[INSTRUCTIONS FOR THE TASK] Word for word, restate the lines from the start of the data below through the line containing "ZTEX FPGA-Board mit".
** Opening RECORDS FOR THIS EXERCISE block **
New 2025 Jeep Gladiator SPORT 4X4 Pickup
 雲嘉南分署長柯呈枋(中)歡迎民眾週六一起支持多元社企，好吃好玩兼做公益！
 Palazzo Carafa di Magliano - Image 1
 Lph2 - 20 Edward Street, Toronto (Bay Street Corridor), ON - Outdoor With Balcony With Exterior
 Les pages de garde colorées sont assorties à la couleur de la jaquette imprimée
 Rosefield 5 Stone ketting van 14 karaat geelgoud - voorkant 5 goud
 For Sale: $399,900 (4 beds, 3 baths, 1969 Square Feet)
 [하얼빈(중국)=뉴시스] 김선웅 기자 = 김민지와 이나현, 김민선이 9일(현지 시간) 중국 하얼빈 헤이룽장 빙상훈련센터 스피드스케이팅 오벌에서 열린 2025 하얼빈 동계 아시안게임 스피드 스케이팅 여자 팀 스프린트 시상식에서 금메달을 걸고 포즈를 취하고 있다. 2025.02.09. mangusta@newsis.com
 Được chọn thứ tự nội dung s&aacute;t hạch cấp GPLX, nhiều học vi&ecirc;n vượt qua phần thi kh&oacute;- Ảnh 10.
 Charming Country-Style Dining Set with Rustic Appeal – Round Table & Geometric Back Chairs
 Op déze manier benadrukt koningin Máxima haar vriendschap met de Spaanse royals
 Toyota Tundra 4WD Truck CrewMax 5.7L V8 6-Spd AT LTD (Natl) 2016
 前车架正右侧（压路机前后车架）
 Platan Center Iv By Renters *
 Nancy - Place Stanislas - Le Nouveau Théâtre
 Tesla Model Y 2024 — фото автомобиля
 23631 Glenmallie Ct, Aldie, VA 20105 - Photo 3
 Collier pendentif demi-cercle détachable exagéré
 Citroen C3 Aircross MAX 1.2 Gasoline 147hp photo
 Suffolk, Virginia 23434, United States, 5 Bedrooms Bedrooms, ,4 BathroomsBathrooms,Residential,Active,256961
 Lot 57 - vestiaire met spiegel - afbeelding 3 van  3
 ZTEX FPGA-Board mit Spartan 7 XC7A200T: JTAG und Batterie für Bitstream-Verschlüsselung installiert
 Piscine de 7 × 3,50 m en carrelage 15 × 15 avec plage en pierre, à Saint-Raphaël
** Closing RECORDS FOR THIS EXERCISE block **
[SOLUTION FOR THIS TASK]
New 2025 Jeep Gladiator SPORT 4X4 Pickup
 雲嘉南分署長柯呈枋(中)歡迎民眾週六一起支持多元社企，好吃好玩兼做公益！
 Palazzo Carafa di Magliano - Image 1
 Lph2 - 20 Edward Street, Toronto (Bay Street Corridor), ON - Outdoor With Balcony With Exterior
 Les pages de garde colorées sont assorties à la couleur de la jaquette imprimée
 Rosefield 5 Stone ketting van 14 karaat geelgoud - voorkant 5 goud
 For Sale: $399,900 (4 beds, 3 baths, 1969 Square Feet)
 [하얼빈(중국)=뉴시스] 김선웅 기자 = 김민지와 이나현, 김민선이 9일(현지 시간) 중국 하얼빈 헤이룽장 빙상훈련센터 스피드스케이팅 오벌에서 열린 2025 하얼빈 동계 아시안게임 스피드 스케이팅 여자 팀 스프린트 시상식에서 금메달을 걸고 포즈를 취하고 있다. 2025.02.09. mangusta@newsis.com
 Được chọn thứ tự nội dung s&aacute;t hạch cấp GPLX, nhiều học vi&ecirc;n vượt qua phần thi kh&oacute;- Ảnh 10.
 Charming Country-Style Dining Set with Rustic Appeal – Round Table & Geometric Back Chairs
 Op déze manier benadrukt koningin Máxima haar vriendschap met de Spaanse royals
 Toyota Tundra 4WD Truck CrewMax 5.7L V8 6-Spd AT LTD (Natl) 2016
 前车架正右侧（压路机前后车架）
 Platan Center Iv By Renters *
 Nancy - Place Stanislas - Le Nouveau Théâtre
 Tesla Model Y 2024 — фото автомобиля
 23631 Glenmallie Ct, Aldie, VA 20105 - Photo 3
 Collier pendentif demi-cercle détachable exagéré
 Citroen C3 Aircross MAX 1.2 Gasoline 147hp photo
 Suffolk, Virginia 23434, United States, 5 Bedrooms Bedrooms, ,4 BathroomsBathrooms,Residential,Active,256961
 Lot 57 - vestiaire met spiegel - afbeelding 3 van  3
 ZTEX FPGA-Board mit Spartan 7 XC7A200T: JTAG und Batterie für Bitstream-Verschlüsselung installiert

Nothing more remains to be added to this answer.